On a web page on this topic I found the following benefits to platonic male-female relationships with which I could definitely identify:
- They endure because you trust one another and share a lot together at a spiritual, emotional and shared experiences level.
- You aren't plagued by the intimacy of romantic love and sexual relations, with all the accompanying doubts, jealousies, complications, etc.
- Neither of you need to perform in front of one another; you are who you are.
- You can learn about the opposite sex from one another in a safe and uncompromising way.
- Both of you benefit from each other's perspectives on challenges facing you in relations with other people.
- There is always someone you can go to for genuine, fearless, and forthright advice - platonic friendships tend to have a quality that transcends the often unspoken competitive and conforming needs of same gender friendships.

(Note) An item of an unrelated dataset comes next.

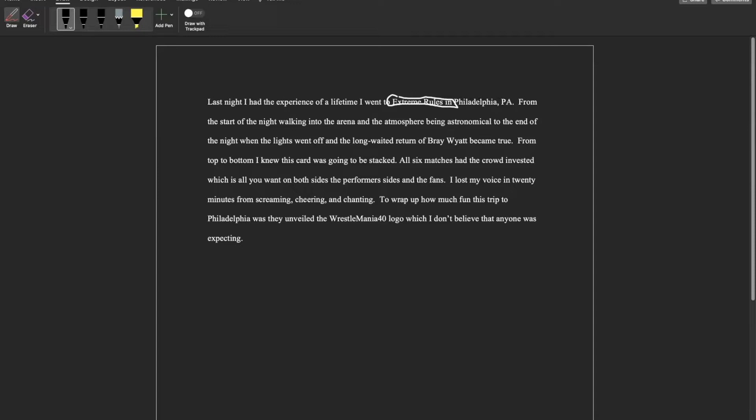There were chants in the arena last night, and it's kind of a not cool thing to do in the wrestling community to chant another promotion at a certain promotion, but they still did it anyway.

The web page also gives some warnings:
There are two that I wish to highlight. First, it is important to be very open and honest with your romantic partner about the nature of your relationship with your friend. There cannot be any secrets. With this I do not mean that I need to divulge my friend's secrets to my romantic partner, but that if I speak about my romantic partner to my friend, my partner has the right to know. My partner needs also know what my friend and I do together. Not only will this put my partner's mind at ease, but it will build trust. Second, one need to continually assess your friendship and see if you are not possibly having an emotional affair; in other words, is your friendship fulfilling some emotional needs that your romantic partner ought to fulfil? If so, you have to re-establish proper boundaries (which may include distancing yourself from your friend) and make a decided effort to fix the emotional gap you and your romantic partner is experiencing.
From my personal experience and around fifteen years of being blessed by it, I can honestly say that platonic male-female friendship can work. I have frequently thanked God for the blessing I have received from this friendship and am quite convinced that this friendship has been a providential gift. I am convinced that our respective partners (past and present) have much to owe for the encouraging relationship that my best friend and I have. That doesn't mean that we are not sometimes critical of each other and our relationships. In fact, my friend and I often confront each other and challenge each other. But it is never motivated by jealousy or some other malicious intend. Rather, we look out for each other and only has each other's best interests in mind.
Having a wonderful platonic friendship with someone of the opposite sex is definitely possible and can be a great blessing.